Ambos fumadores impenitentes trabajaron a las órdenes de John Huston (1906-1987). Para este gran cineasta disfrutar en La Habana junto a Ernest Hemingway de las correrías en el «Pilar», los bares y los burdeles, significó mucho más que rodar los exteriores de su película We Were Strangers (1949), estrenada aquí como Rompiendo las cadenas. Gina Cabrera y Alejandro Lugo doblaron a Jennifer Jones y John Garfield en esos planos. El autor de Por quién doblan las campanas transmitió a quien osó después filmar Moby Dick su sabiduría y pasión por el habano. No abandonaría nunca a Huston ni siquiera al dirigir desde una silla de ruedas sus dos últimos filmes: El honor de los Prizzi (1985) y Los muertos (1987) sin cesar de hablar con un tabaco en la boca.
«Fumando espero al hombre que yo quiero…», cantaba en El último cuplé (1957) la actriz manchega Sarita Montiel, que sucumbió por entero al placer del Habano. La culpa siempre se la echó a Ernesto «Jemigüey», como pronunciaba el nombre de quien conoció en la residencia de María Luisa Gómez Mena y la visitó mientras actuaba en locaciones de La Habana en los rodajes de las coproducciones con México: Piel canela, Frente al pecado de ayer y Yo no creo en los hombres, dirigidas entre 1953 y 1954 por Juan J. Ortega. El enérgico seductor con las letras, la pólvora y cierto encanto animal la arrastró a un efímero romance, aunque ella admitió eternamente que en lo único que la hizo distinta fue que desde el primer Partagás que le puso en la mano, le enseñó a encenderlo, a fumar y a no tragarse el humo. “Ernesto opinaba que yo era muy sensual al encender el cigarrillo —evocó en sus memorias—, acariciándolo con cadencia y casi sin tocarlo, y que por eso me iría muy bien con el puro”. Sin haber cantado aún el cuplé postrero, pregonado como una violetera, ni bailado su último tango, perdió la cuenta de los Habanos que redujo a cenizas.

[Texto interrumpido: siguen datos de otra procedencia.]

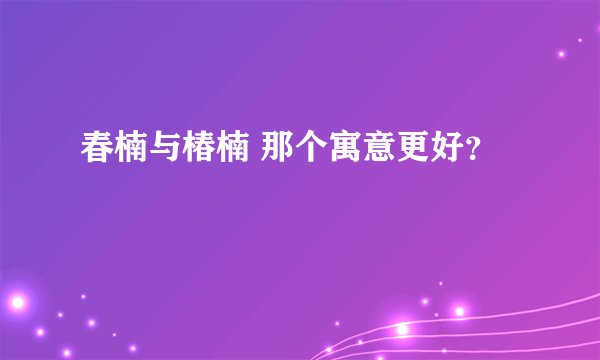 春楠与椿楠 那个寓意更好？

Mientras esperaban entre toma y toma prestos a ordenar “¡Acción!”, estos directores disfrutaban del puro de marca en ristre. Representaban el más ansiado regalo que le traían los amigos que viajaban a La Habana a emborracharse en el Sloppys Joe´s o babearse frente a las imponentes bailarinas mulatas en algún Show de Rodney en Tropicana. Por esos mismos años 50, Cesare Zavattini, patriarca del neorrealismo italiano (ya con los guiones de Ladrón de bicicletas, Milagro en Milán y Umberto D a su haber), en su primera visita a la capital cubana, se aficionó a pedir un tabaco después de toda opípara comida o una taza de café. Hasta Marlon Brando, que actuó en una Habana de cartón reconstruida en un plató hollywoodense en Ellos y ellas (1955), de Joseph L. Mankiewicz, se dio una escapada a la real, donde dio rienda suelta a sus instintos. Tocó bongó, visitó prostíbulos y, por supuesto, fumó tabacos, si bien prefería los cigarros, mucho antes de trabajar para Huston en Reflejos en un ojo dorado (1967).
En esta suerte de contrapunteo cubano del cine y el tabaco —para parafrasear a Don Fernando Ortiz— optamos por detenernos en estos fumadores de puros sin interrumpir a quienes tanto debe la historia del cine. Como el monarca Ricardo III con su caballo, ellos no pudieron prescindir de la transfusión de glóbulos negros del celuloide, pero tampoco del exquisito aroma y el sabor de un auténtico habano manufacturado en Cuba.